La France, « seul pays où ça se passe si mal »
Sur la périodicité des négociations commerciales, le PDG de Carrefour a jugé que « le seul pays où ça se passe si mal, où la relation avec les industriels est aussi dégradée, c'est la France et c'est le seul pays où les négociations sont annuelles ».
Jusqu'à maintenant, en effet, tous les ans, de décembre au 1er mars, les supermarchés et leurs fournisseurs négocient les prix d'achat des produits vendus le reste de l'année aux consommateurs. Chaque distributeur contractualise avec chacun de ses fournisseurs (de petits pois, de steak haché, de Coca-Cola...), PME ou multinationale. Ces négociations ne portent que sur les grandes marques dites « nationales » comme Danone, Ferrero, Nescafé ou Haribo.
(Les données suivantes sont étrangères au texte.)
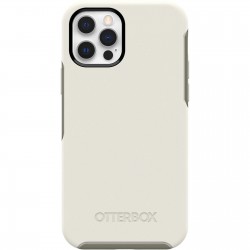 Symmetry Series iPhone 12 and iPhone 12 Pro Case with MagSafe Off White Sage Green 77-80491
Les marques de distributeurs (MDD), créées ou détenues par les supermarchés (Reflets de France chez Carrefour, Marque Repère de E. Leclerc par exemple) ne sont pas concernées.
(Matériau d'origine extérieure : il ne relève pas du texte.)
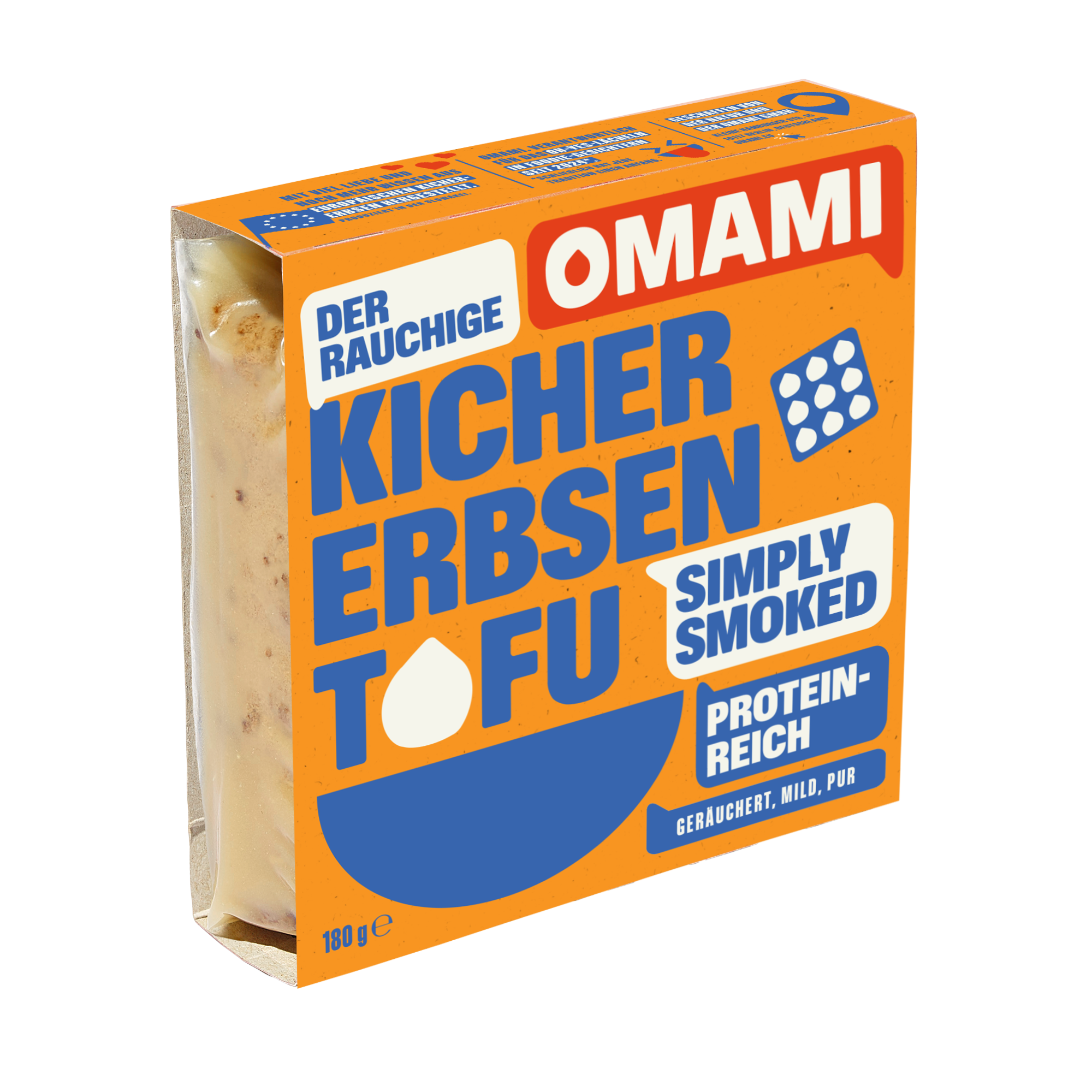 Omami Kichererbsentofu Simply Smoked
Lors du dernier épisode conclu en mars dernier, le prix moyen payé par les supermarchés aux industriels s'est apprécié de 9%. Mais, depuis, le prix d'un certain nombre de matières premières a décru. Or, cette baisse ne se fait pas ressentir dans les rayons des magasins. « Les baisses de cours, elles, ont commencé maintenant pour certaines, il y a 9 mois. Les industriels ont décidé, c'est leur choix, de ne pas répercuter les baisses », déplorait ainsi le PDG de Carrefour mardi dernier.
Une nouvelle loi nécessaire
Le gouvernement a donc décidé, après discussions avec les représentants des deux secteurs d'activité, d'avancer les négociations annuelles pour 2024. Avec une nuance : seuls les 75 plus gros industriels sont concernés, pas les milliers d'autres entreprises fournissant la grande distribution qui, elles, continueront à négocier jusqu'au 1er mars 2024. Pour le « top 75 », parmi lesquels Bel, Pernod Ricard, Colgate-Palmolive, Lactalis, Bonduelle, Sodebo ou Bigard, la négociation annuelle devrait être conclue « dès janvier 2024 », a préconisé vendredi le ministre de l'Economie, Bruno Le Maire.
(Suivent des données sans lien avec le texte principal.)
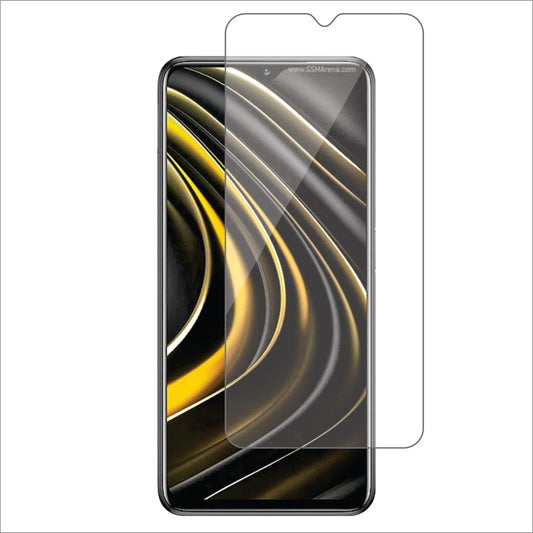 Xiaomi Poco M3 Mobile Screen Protector Glossy Mobile Screen Guard (Pack of 1)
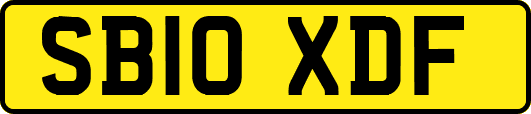 SB10XDF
Et ce, grâce à une nouvelle loi, nécessaire pour changer la date du 1er mars qui figure dans le code de Commerce. Le texte, attendu courant octobre, semble d'autant plus pertinent que les incitations du gouvernement ces derniers mois à renégocier les contrats fraîchement signés pour répercuter les baisses des prix n'ont, selon les supermarchés, que peu été suivies d'effets
Vers une baisse de l'inflation alimentaire, selon le PDG de Carrefour
Le ministre de l'Economie propose, par ailleurs, la création d'une mission parlementaire au sujet des négociations, leur forme actuelle n'apparaissant, selon un proche du dossier, « pas optimale ». Certains acteurs plaident même pour la fin des négociations annuelles, comme le patron du 4e distributeur français Système U, Dominique Schelcher, qui dénonce un « système qui nous enferme et derrière lequel les industriels (...) se réfugient ». Il aimerait négocier tout au long de l'année.
« Dans un cadre législatif, de manière obligatoire on va devoir se mettre les uns en face des autres et normalement quand on est les uns en face des autres, on arrive à négocier », selon le PDG de Carrefour. « Si nous négocions entre le 1er octobre et le 31 décembre, à partir de janvier on devrait voir le niveau d'inflation baisser de manière significative ».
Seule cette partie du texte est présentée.